Mayor Adrian Fenty is casting himself at the “underdog” in his re-election campaign, just four years after he won support of every precinct in the District.
The tides that have been turning against the mayor’s re-election became more evident Sunday with the release of a Washington Post poll that showed the incumbent with 36 percent of the vote against D.C. Council Chairman Vincent Gray’s 49 percent. Despite a message change in which Fenty has apologized for not listening well enough and promised to do better, the incumbent mayor has been unable to re-establish his base. The Post poll also continued to show a trend of black voters fleeing the mayor. The loss of their support threatens to sink Fenty’s re-election.
“It’s official, the mayor has called himself the underdog,” Fenty campaign spokesman Sean Madigan told The Washington Examiner. “We’ll have to double down our efforts. The mayor has an incredible record that we’re going to project in every single neighborhood in this city.”
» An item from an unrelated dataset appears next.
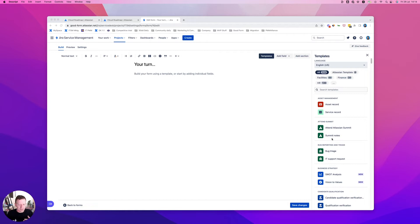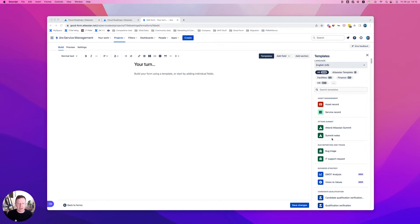We've also talked about things like automation. There are four new automation components for your form builder and we will be adding more of those to make that more and more robust and make that an integral part of your workflows.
Just two days before the poll results came out, Fenty was asked if he was the underdog during a meeting between the mayor and The Examiner‘s editorial board.
“I have no idea,” Fenty said. He then added, “But I never have at this juncture in all the campaigns I’ve ran, I’ve never known where the electorate was. … I don’t know how people know. In fact, they probably don’t because in all the races I’ve run, no one has ever had the number right 18 days out that it ends up being on Election Day, for better or worse.”
Not knowing where the electorate stood — not only during the last month of the campaign, but also during his four years as mayor — seems to be the cause of what is now starting to look like the biggest upset in the history of D.C. politics.
Fenty told The Examiner black voters seem to have taken that lack of involvement more personally. The Post poll and another released earlier this month by Clarus Research Group both showed that Fenty’s support among the city’s majority black population has fallen to well below 20 percent.
“We completely left out of the equation the involving of people,” Fenty said. “The only hypothesis you could have [on why he has lost the support of black voters] is that maybe there’s different segments of the community who feel more strongly about that.”